An advisor in health and international relations at FPS Public Health, Belgium’s federal food, health, and environment service, told the researchers that the EU was ill-prepared for the emergency.
“There was a very big panic reaction among many member states, and that was also driven by insufficient preparedness at the level of the EU for health crises,” the advisor said.
They added that people assume that the COVID-19 crisis in Europe was unavoidable. “But I think that a lot would have been avoidable with better preparedness and coordination,” the interviewee said.
Dr. Agoritsa Baka, an emergency response expert at the ECDC, believes that the EU as a whole needs to take public health much more seriously.
“We need a lot more tools to be adopted and ready to be run immediately at short notice,” she said on the ECDC’s podcast on August 4, 2021.
“As far as the EU is concerned, we really need to do a lot better in coordination. I don’t know how we could do that, but I think this is something that we need to seriously discuss with member states,” she added.
Several interviewees for the new research said the EU’s poor leadership in the crisis stemmed from its institutional complexity.
“The EU has multiple political levels of decision making and a lot of bureaucracy, impacting the speed of its responses and actions,” the researchers explain.
A health security specialist at the Finnish Institute for Health and Welfare highlighted poor funding of pandemic preparedness.
“I think there’s been a lot of work done by the ECDC and the [member states]. But, it’s all about resources,” the specialist said.
“There’s a lot of money and resources we use for military threats, but there’s not much we use actually for biological threats.”
The experts also advocated for the establishment of stockpiles of protective equipment, essential medicines, and medical devices such as ventilators for deployment in future public health emergencies.
But interviewees also applauded the European Commission’s Joint Procurement Agreement, which coordinates the acquisition of medicines and vaccines for the EU as a whole.

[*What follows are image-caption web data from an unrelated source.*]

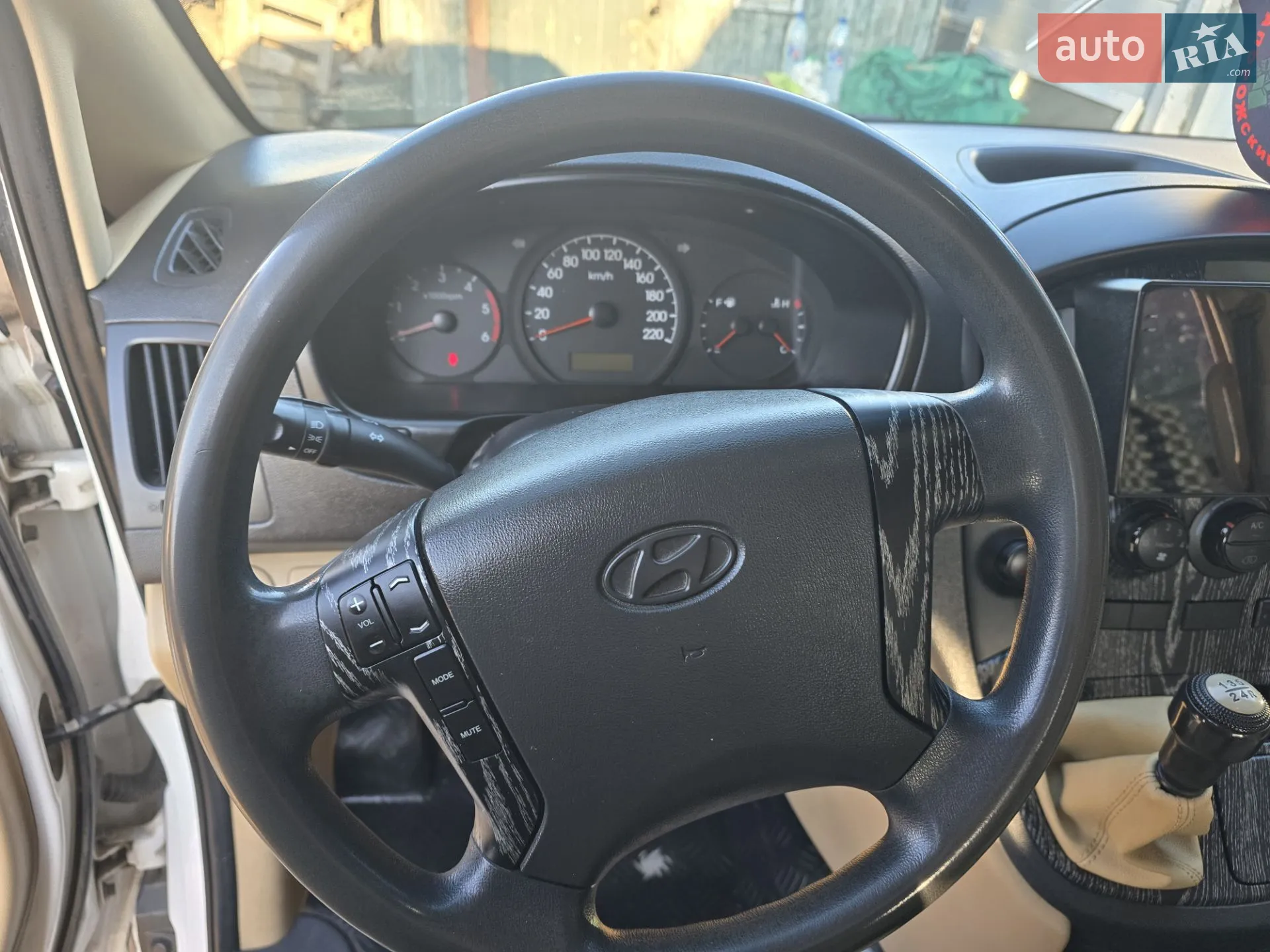 2012 Hyundai Starex (H-1) - мініатюра 17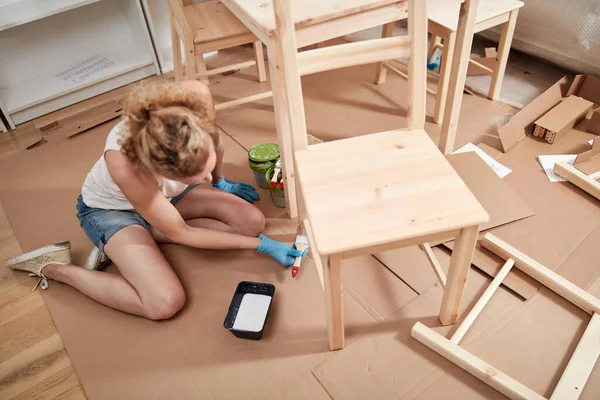 Vrouw Schilderen Monteren Meubels Een Nieuw Appartement Verhuizen Zijn Hardwerkende — Stockfoto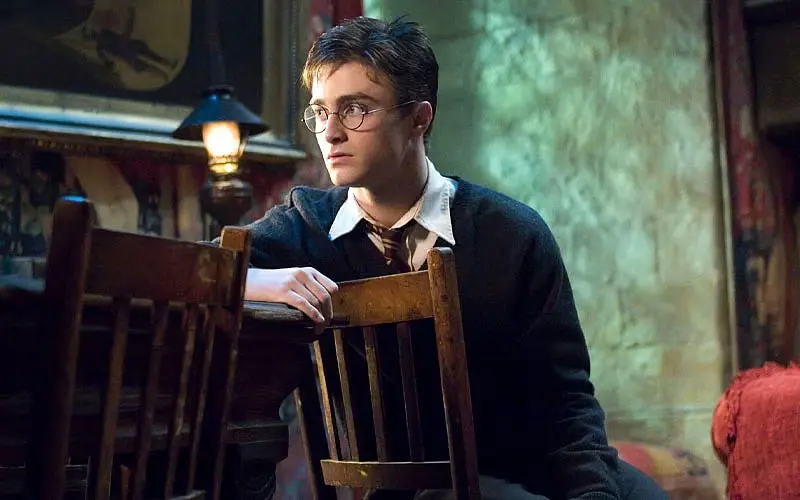 بیوگرافی کامل هری پاتر: از پسری در زیر پله تا قهرمان دنیای جادوگری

“The overall view on the joint procurement was positive, as one, or even the one example of a coordinated and relevant action by the commission in response to the pandemic,” said Prof. Krafft.
“Interviewees’ assessments differed regarding the timeliness and whether it could have been even more efficient, but overall the view was positive,” he told Medical News Today.
Looking to the future, most of the experts predicted a strengthened EU role in crisis management and a more robust public health community.
However, some were sceptical about whether the EU would learn lessons from the pandemic, judging by past performance after outbreaks of other infectious diseases.
“I would like to think that, given what happened, there will be more resources, more funding toward public health, but unfortunately, I don’t believe it will actually happen,” said a public health and epidemiology specialist at Instituto Nacional de Saúde, in Portugal.
“I think that once this sort of gets sorted out, we’ll just go back to business as usual, in the usual priorities,” the specialist said.
Despite repeated warnings about future pandemics from the World Health Organization (WHO), there has been little interest and investment in health emergency preparedness at the national level, the report concludes.
The authors write:
“One reason that frequently appeared in the results was the belief that infectious diseases would break out mainly in developing countries and that the EU region was invulnerable, due to its economic position in the world.”
They note that their findings are limited to the first wave of the pandemic. Future interviews will provide a more complete picture of the EU’s response, including its attempts to coordinate vaccine procurement and distribution.
In addition, the researchers acknowledge that the number of interviewees in this first report was relatively small and that their expertise does not represent the EU’s political organization.
“Expert opinions and views are not free from subjectivity and distortion,” they add.